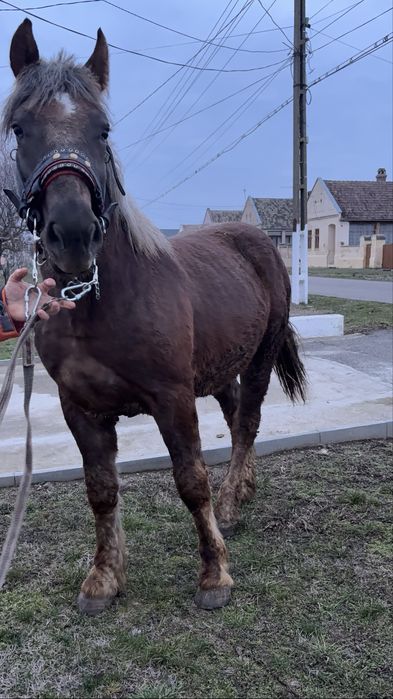 Cal / Manz de vanzare sau schimb cu Vaca/Vitei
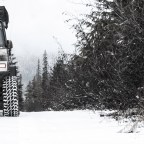 They say don’t wheel alone,  but I do and love it.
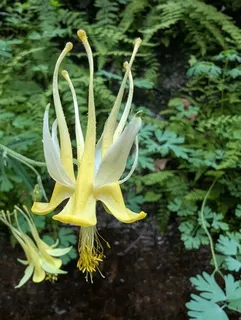 Golden Columbine (Aquilegia chrysantha) — fall color
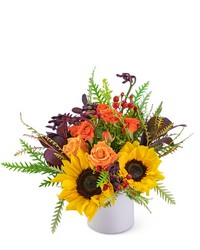 Sunshine Day from Brennan's Florist and Fine Gifts in Jersey City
════════
== EXERCISE ==
Every line from the line containing "Golden Columbine (Aquilegia" through the last line above is to be printed exactly. Pictures are not copied.

== WRITTEN SOLUTION ==
 Golden Columbine (Aquilegia chrysantha) — fall color
 Sunshine Day from Brennan's Florist and Fine Gifts in Jersey City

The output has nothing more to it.